A bit like its owner in that respect. Just when he’d thought he had her figured out, she turned around, showed another facet of herself and either amazed or confused him.
He turned and called for his daughter, who was busy trying to shake a crab off her fishing line into an already overflowing bucket. ‘One more catch, Jas, then you’ll have to put them back. Your mum’s coming to pick you up soon.’
At least he hoped it would be soon.
He sighed and wandered over to Jas, who was now very carefully plopping the crabs back into the murky water. What was it with him and high-maintenance women? Was he a magnet for them, or something? Then he sighed again, because that really wasn’t being fair—to Louise, especially.
It wasn’t that she was self-centred or insensitive. She was just … broken. Life had broken her. And she was right. He hadn’t been able to fix her, just like he hadn’t been able to fix Megan.
He helped Jas collect together her bucket and line and they wandered back through the lanes to the cottage. Much to his surprise, his ex-wife turned up at six on the dot to collect their daughter. Jas hadn’t even got herself ready yet, so he invited Megan inside.
‘Actually,’ he said, steeling himself for a torrent of you’re-trying-to-sabotage-my-renaissance abuse, ‘I was wondering if I could pick Jas up half an hour later on Sunday? I’ve got a client who wants me to meet him in Brixham earlier in the afternoon and I might be a little late getting back.’
Megan surprised him again by nodding. ‘That’s fine. No problem.’
Blinking, he smiled at her. ‘Thanks. I appreciate it.’
She looked at him, and that hard, shiny shell that seemed to have hardened over her in the last couple of years flickered and dissolved. Just for a moment, she looked very much like the teenage girl he’d had a crush on all those years ago.
‘I wanted to say again … how sorry I am about the whole newspaper thing again,’ she said. ‘I don’t know what came over me.’
‘Thank you,’ he said again and then he pressed his lips together while he thought through his next words. ‘There’s no reaso
n why we can’t get on, why we have to keep the fights going. We were friends once, Meg …’ At the start of their marriage, and even farther back—before the crush. They’d walked home from school together every day until he’d started to notice she was a girl. ‘Can’t we be that way again?’
Megan nodded. ‘We can try,’ she said, her voice a little hoarse. ‘I want to try.’
Jas clumped down the stairs and banged her way into the kitchen, her overnight bag slung over her shoulder. ‘Dad, I can’t find my iPod.’

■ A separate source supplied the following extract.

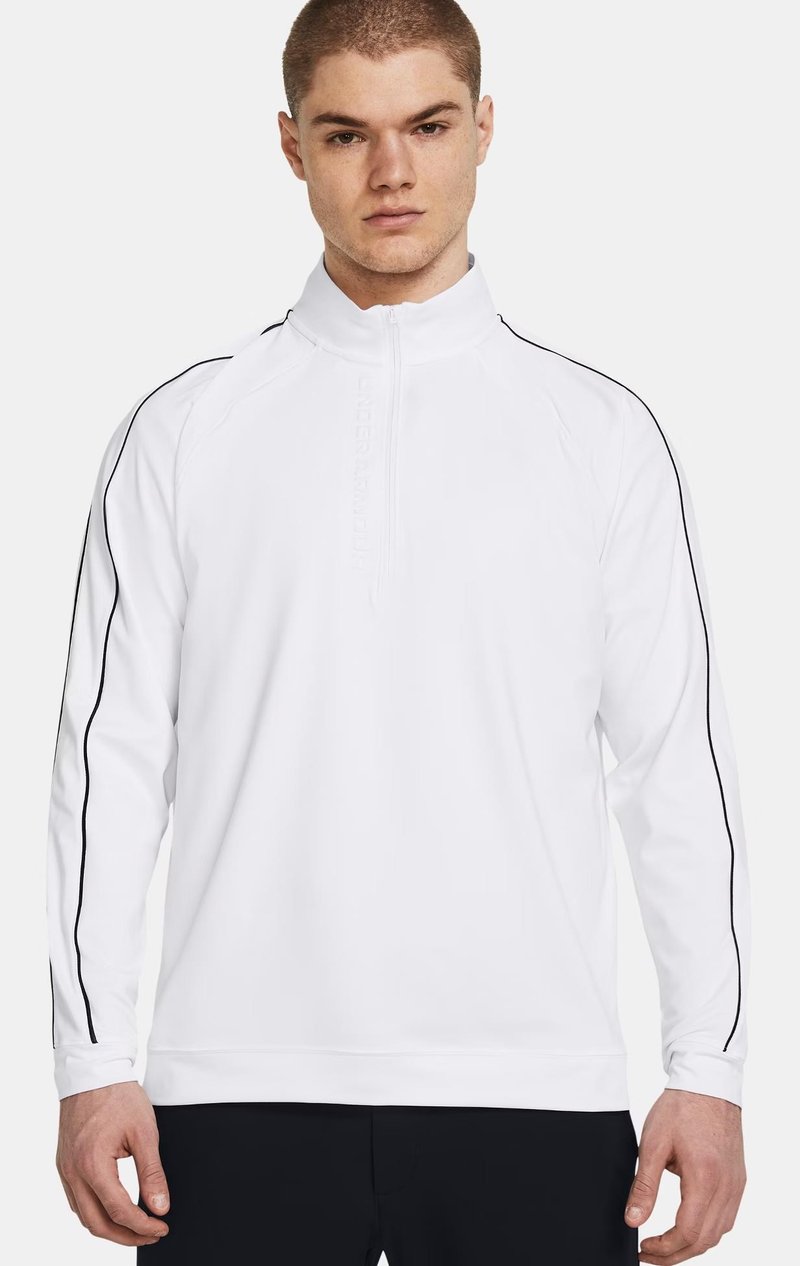 Under Armour Storm Midlayer 1/2 Zip men's sweatshirt, white/midnight navy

‘Try the floor in the living room. I almost stepped on it earlier on.’
Jas raced off and Megan made her way towards the door. ‘See you both Sunday,’ he said as he closed it behind them.
And Ben was on his own again.
He hadn’t used to mind his own company, but nowadays he seemed to have too much time to think. He sat down on the sofa in the living room and flicked the television on, deciding to watch a game show. One of the questions caught his attention.

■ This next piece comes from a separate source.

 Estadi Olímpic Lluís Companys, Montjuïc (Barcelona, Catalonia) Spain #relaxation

What three things do plants need to grow?
Easy.
Water. Sunlight. Food. Next question, please.
But he never even heard if the contestant got it right, because his brain started spinning.
I’m not one of your stupid plants, you know …

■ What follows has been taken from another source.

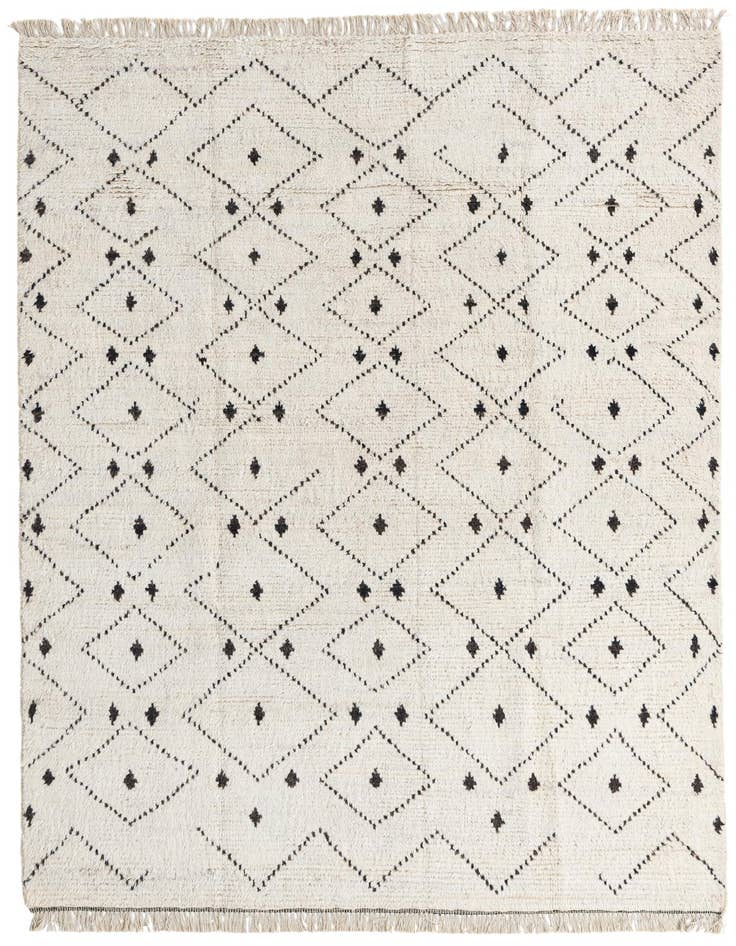 Detail image of 6' x 9' 6 Hand Knotted Moroccan Wool Rug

Louise’s words from the previous week echoed inside his skull. And then he was reminded of another conversation he’d had with her. Months ago, way back when they’d first met.
‘You can’t control the plants,’ he’d told her. ‘You just tend them, give them what they need until they become what they should.’
The sun couldn’t give a plant water, and the clouds couldn’t give it food, just as the soil couldn’t give it warmth or light. And maybe … maybe … the reason he hadn’t been able to fix the women in his life was because he’d tried to do everything for them, instead of just doing his bit.
Megan was starting to grow finally, starting to change. He’d just given her room, and she was getting through the hard seed stage and was starting to shoot. But it was something inside her that had started the metamorphosis. It had had to come from Megan.